La rivoluzione degli algoritmi forestali
I dati grezzi, ovviamente, non bastano. Serviva qualcosa che li trasformasse in mappe utilizzabili. Zurqani ha testato quattro algoritmi di machine learning per trovare il migliore: gradient tree boosting, random forest, CART e support vector machine. Il vincitore? Il gradient tree boosting, che ha raggiunto la precisione più alta con i margini di errore più bassi.
L’approccio multi-source di Zurqani combina le misurazioni 3D del GEDI con le immagini ottiche dei satelliti Sentinel dell’Agenzia Spaziale Europea. Un matrimonio perfetto tra tecnologia americana ed europea che produce risultati impossibili da ottenere separatamente.

Il nuovo occhio spaziale sulle foreste
Come detto, mentre Zurqani perfezionava i suoi algoritmi l’Europa lanciava Biomass, il primo satellite dedicato esclusivamente al monitoraggio forestale. Con la sua antenna di 12 metri e il radar a banda P, Biomass può penetrare fino a 30 metri di vegetazione, mappando la biomassa forestale con una precisione senza precedenti.
La tecnologia a banda P non era mai stata testata nello spazio prima d’ora. Le onde radio da 70 centimetri attraversano le foglie senza problemi, interagendo solo con i componenti legnosi più grandi: tronchi e rami principali. È come avere una radiografia delle foreste, capace di distinguere alberi giovani da patriarchi centenari.

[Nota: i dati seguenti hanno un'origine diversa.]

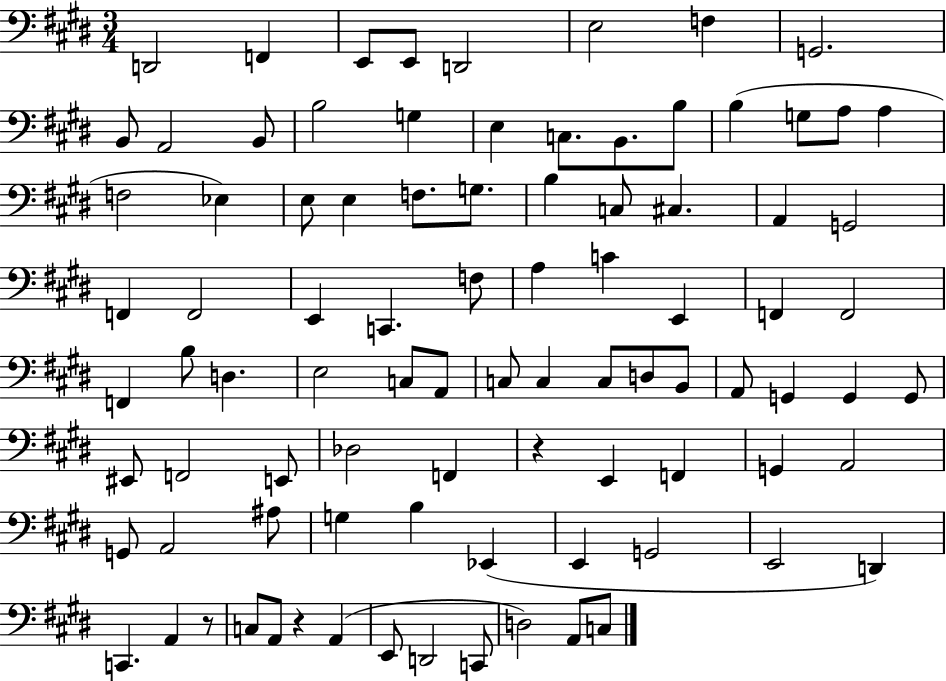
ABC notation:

X:1
T:Untitled
M:3/4
L:1/4
K:E
D,,2 F,, E,,/2 E,,/2 D,,2 E,2 F, G,,2 B,,/2 A,,2 B,,/2 B,2 G, E, C,/2 B,,/2 B,/2 B, G,/2 A,/2 A, F,2 _E, E,/2 E, F,/2 G,/2 B, C,/2 ^C, A,, G,,2 F,, F,,2 E,, C,, F,/2 A, C E,, F,, F,,2 F,, B,/2 D, E,2 C,/2 A,,/2 C,/2 C, C,/2 D,/2 B,,/2 A,,/2 G,, G,, G,,/2 ^E,,/2 F,,2 E,,/2 _D,2 F,, z E,, F,, G,, A,,2 G,,/2 A,,2 ^A,/2 G, B, _E,, E,, G,,2 E,,2 D,, C,, A,, z/2 C,/2 A,,/2 z A,, E,,/2 D,,2 C,,/2 D,2 A,,/2 C,/2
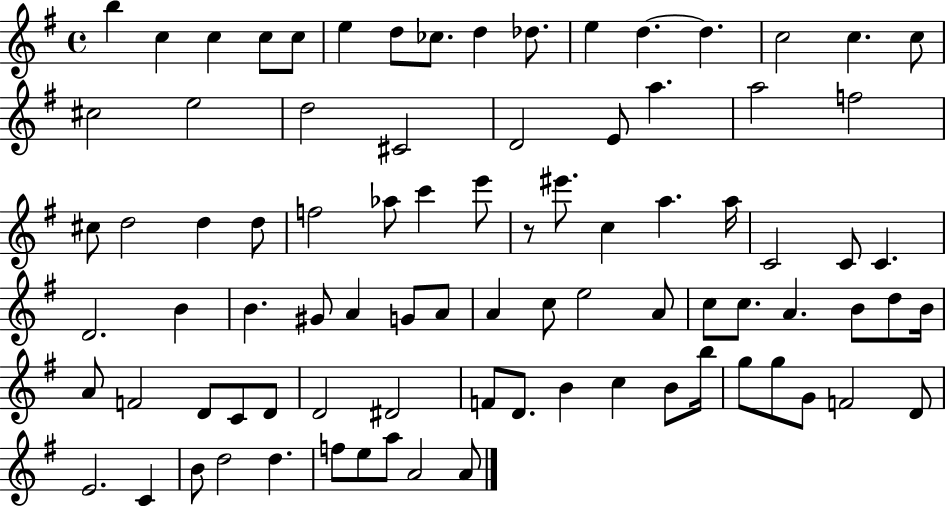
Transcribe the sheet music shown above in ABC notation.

X:1
T:Untitled
M:4/4
L:1/4
K:G
b c c c/2 c/2 e d/2 _c/2 d _d/2 e d d c2 c c/2 ^c2 e2 d2 ^C2 D2 E/2 a a2 f2 ^c/2 d2 d d/2 f2 _a/2 c' e'/2 z/2 ^e'/2 c a a/4 C2 C/2 C D2 B B ^G/2 A G/2 A/2 A c/2 e2 A/2 c/2 c/2 A B/2 d/2 B/4 A/2 F2 D/2 C/2 D/2 D2 ^D2 F/2 D/2 B c B/2 b/4 g/2 g/2 G/2 F2 D/2 E2 C B/2 d2 d f/2 e/2 a/2 A2 A/2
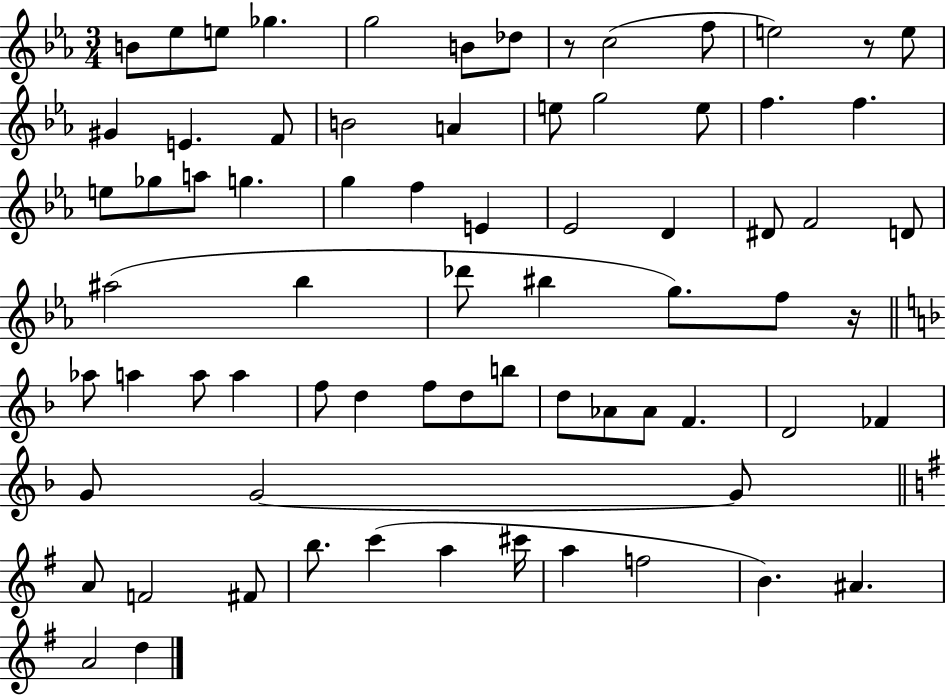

I numeri che cambiano tutto
La precisione raggiunta è impressionante. Come abbiamo già raccontato su queste pagine, le foreste contengono circa l’80% del carbonio terrestre, ma misurarle con metodi tradizionali richiede anni e costa miliardi. Il sistema di Zurqani produce mappe aggiornate ogni mese, con costi ridotti del 90% rispetto ai survey terrestri.
Google Earth Engine, poi, elabora i dati in tempo reale, trasformando terabyte di informazioni satellitari in mappe utilizzabili da governi e organizzazioni ambientali. Una singola passata del satellite può mappare aree grandi quanto l’Italia in pochi minuti.
Monitoraggio della biomassa, il futuro delle foreste è sotto controllo
La ricerca, pubblicata su Ecological Informatics, è molto più di un avanzamento tecnologico. È uno strumento politico. Con dati precisi e aggiornati, i governi possono finalmente quantificare l’impatto della deforestazione e l’efficacia delle politiche di riforestazione.
“Un fatto è certo”, conclude Zurqani. “Con l’intensificarsi del cambiamento climatico, tecnologie come questa diventeranno indispensabili per proteggere le nostre foreste e il pianeta”.
Il cerchio si chiude perfettamente, come piace a me: dalla ricerca di civiltà perdute al salvataggio di quelle future. Gli archeologi del futuro forse ringrazieranno chi, nel 2025, ha insegnato ai satelliti a contare gli alberi.